▶ Assigned task: From the first entry to the last, copy everything exactly except the pictures.

---------------

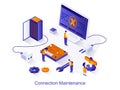 Connection maintenance isometric web concept.
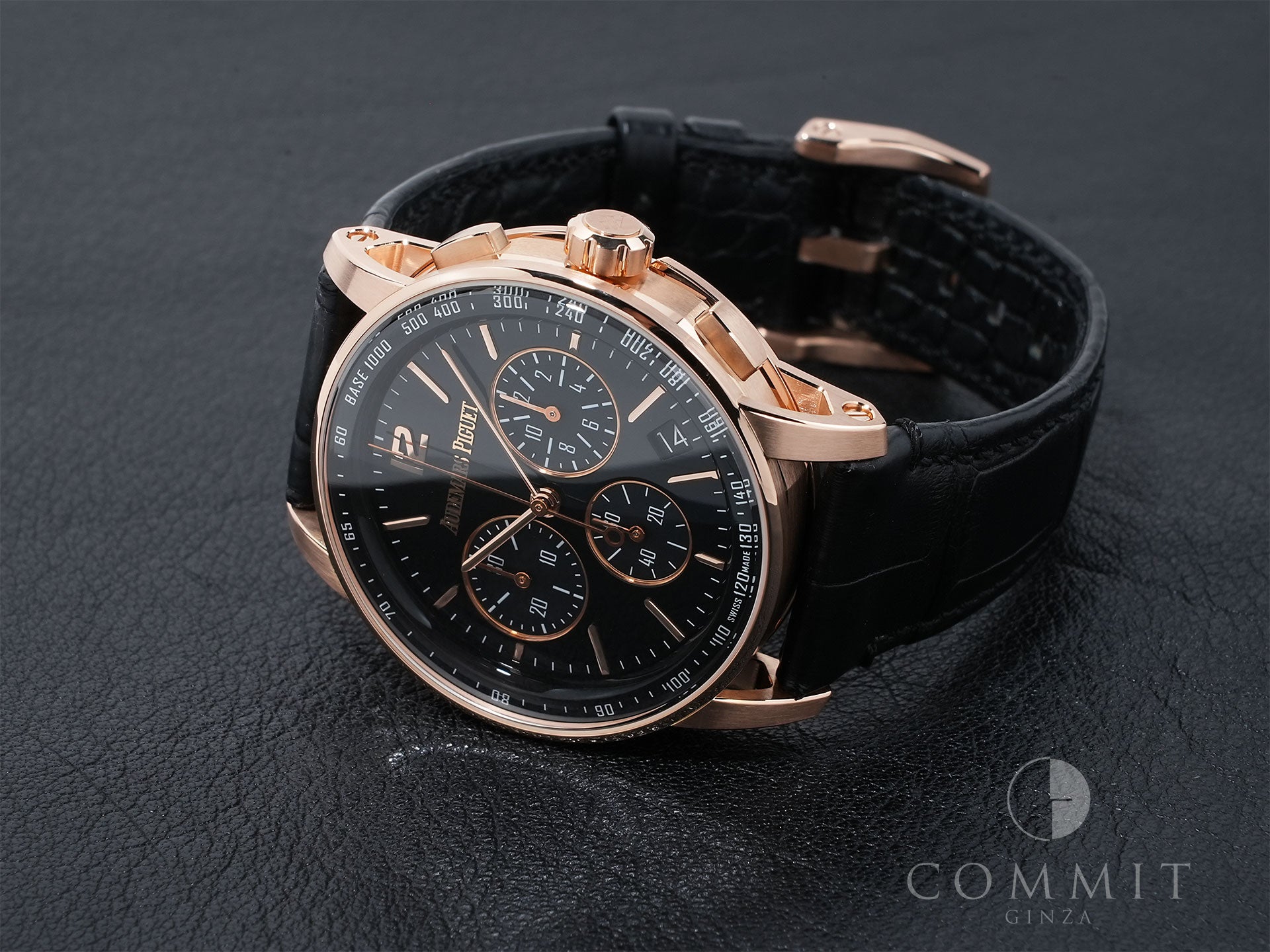 オーデマピゲ CODE 11.59 バイ オーデマ ピゲ クロノグラフ Ref.26393OR.OO.A002CR.01 ピンクゴールド ブラックラッカー文字盤 美品 2kukvnbt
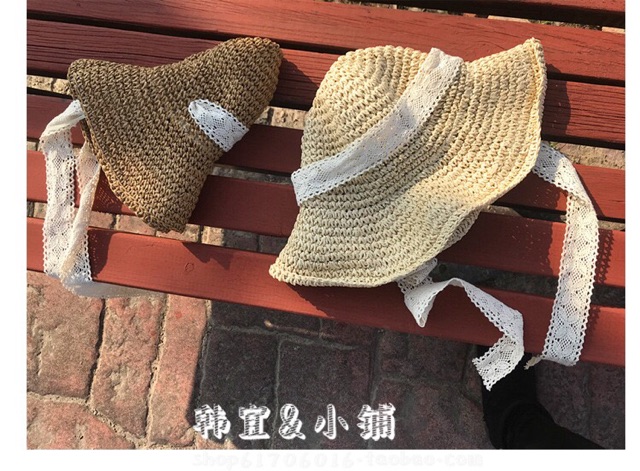 Mũ cói đi biển mẫu dây buộc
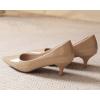 image:imageDADAWEN Womens Dress Shoes Comfortable Low Heels Closed Pointed Toe Kitten Heel Pumps for Party Wedding Work Office BusinessNude Patent
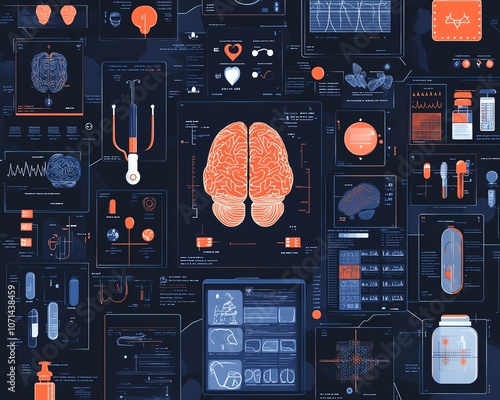 Monographic background featuring medical images like brain scans and healthcare icons in a dark blue color palette with orange accents, symbolizing modern diagnostic tools photo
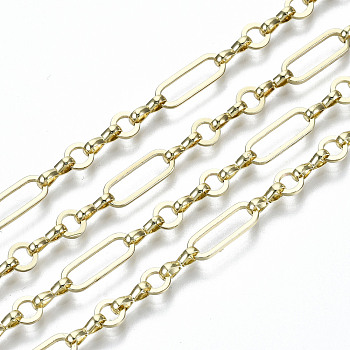 Brass Paperclip Chains, Drawn Elongated Cable Chains, Long-Lasting Plated, Soldered, Light Gold, Oval: 14x5.5x1mm, Ring: 5x1mm, Quick Link Connectors: 8x3.5x1.5mm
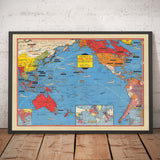 Old World War 2 Map of the Pacific and Far East in 1942 by Stanley Turner - "Dated Events" Japan, USA, Britain, Pacific, USSR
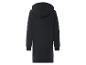 Robe sweat-shirt noire oversize à capuche.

---------------

▶ Solution to the exercise:
 Connection maintenance isometric web concept.
 オーデマピゲ CODE 11.59 バイ オーデマ ピゲ クロノグラフ Ref.26393OR.OO.A002CR.01 ピンクゴールド ブラックラッカー文字盤 美品 2kukvnbt
 Mũ cói đi biển mẫu dây buộc
 image:imageDADAWEN Womens Dress Shoes Comfortable Low Heels Closed Pointed Toe Kitten Heel Pumps for Party Wedding Work Office BusinessNude Patent
 Monographic background featuring medical images like brain scans and healthcare icons in a dark blue color palette with orange accents, symbolizing modern diagnostic tools photo
 Brass Paperclip Chains, Drawn Elongated Cable Chains, Long-Lasting Plated, Soldered, Light Gold, Oval: 14x5.5x1mm, Ring: 5x1mm, Quick Link Connectors: 8x3.5x1.5mm
 Old World War 2 Map of the Pacific and Far East in 1942 by Stanley Turner - "Dated Events" Japan, USA, Britain, Pacific, USSR
 Robe sweat-shirt noire oversize à capuche.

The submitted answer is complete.